■ **GIVEN RECORDS**:
==========
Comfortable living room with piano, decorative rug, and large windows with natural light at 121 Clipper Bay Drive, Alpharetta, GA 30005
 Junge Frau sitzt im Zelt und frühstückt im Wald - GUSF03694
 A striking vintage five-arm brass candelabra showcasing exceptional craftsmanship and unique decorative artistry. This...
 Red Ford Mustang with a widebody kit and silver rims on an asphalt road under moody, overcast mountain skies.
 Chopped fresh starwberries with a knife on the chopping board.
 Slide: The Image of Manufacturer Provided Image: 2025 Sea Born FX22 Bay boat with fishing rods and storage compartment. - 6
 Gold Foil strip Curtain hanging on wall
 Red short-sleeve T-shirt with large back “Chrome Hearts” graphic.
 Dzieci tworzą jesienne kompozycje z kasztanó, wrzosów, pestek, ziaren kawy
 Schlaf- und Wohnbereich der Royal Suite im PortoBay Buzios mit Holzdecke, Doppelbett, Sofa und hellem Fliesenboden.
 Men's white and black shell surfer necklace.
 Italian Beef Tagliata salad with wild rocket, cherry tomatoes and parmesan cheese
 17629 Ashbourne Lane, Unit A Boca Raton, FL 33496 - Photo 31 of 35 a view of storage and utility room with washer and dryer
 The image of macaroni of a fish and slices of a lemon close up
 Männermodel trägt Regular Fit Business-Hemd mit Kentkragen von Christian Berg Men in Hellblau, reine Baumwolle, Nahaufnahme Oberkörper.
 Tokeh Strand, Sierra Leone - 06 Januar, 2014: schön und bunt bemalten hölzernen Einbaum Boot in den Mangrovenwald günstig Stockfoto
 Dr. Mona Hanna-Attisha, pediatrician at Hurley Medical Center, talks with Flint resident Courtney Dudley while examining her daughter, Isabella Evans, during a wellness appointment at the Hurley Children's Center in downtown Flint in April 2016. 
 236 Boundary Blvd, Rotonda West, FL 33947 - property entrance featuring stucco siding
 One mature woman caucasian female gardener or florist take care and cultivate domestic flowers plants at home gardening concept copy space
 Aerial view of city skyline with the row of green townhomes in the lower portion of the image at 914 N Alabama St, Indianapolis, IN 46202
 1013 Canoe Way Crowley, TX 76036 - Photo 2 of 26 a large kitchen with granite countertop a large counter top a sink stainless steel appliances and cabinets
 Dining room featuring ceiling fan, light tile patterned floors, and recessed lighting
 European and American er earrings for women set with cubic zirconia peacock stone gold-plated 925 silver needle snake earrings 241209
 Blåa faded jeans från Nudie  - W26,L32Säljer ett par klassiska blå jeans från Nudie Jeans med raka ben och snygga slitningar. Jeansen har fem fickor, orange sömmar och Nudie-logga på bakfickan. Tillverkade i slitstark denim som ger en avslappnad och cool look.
==========
■ **EXERCISE DETAILS**: Each line of the entries that contains the word "room" should be listed.

■ **SOLUTION TO THIS EXERCISE**:
Comfortable living room with piano, decorative rug, and large windows with natural light at 121 Clipper Bay Drive, Alpharetta, GA 30005
 17629 Ashbourne Lane, Unit A Boca Raton, FL 33496 - Photo 31 of 35 a view of storage and utility room with washer and dryer
 Dining room featuring ceiling fan, light tile patterned floors, and recessed lighting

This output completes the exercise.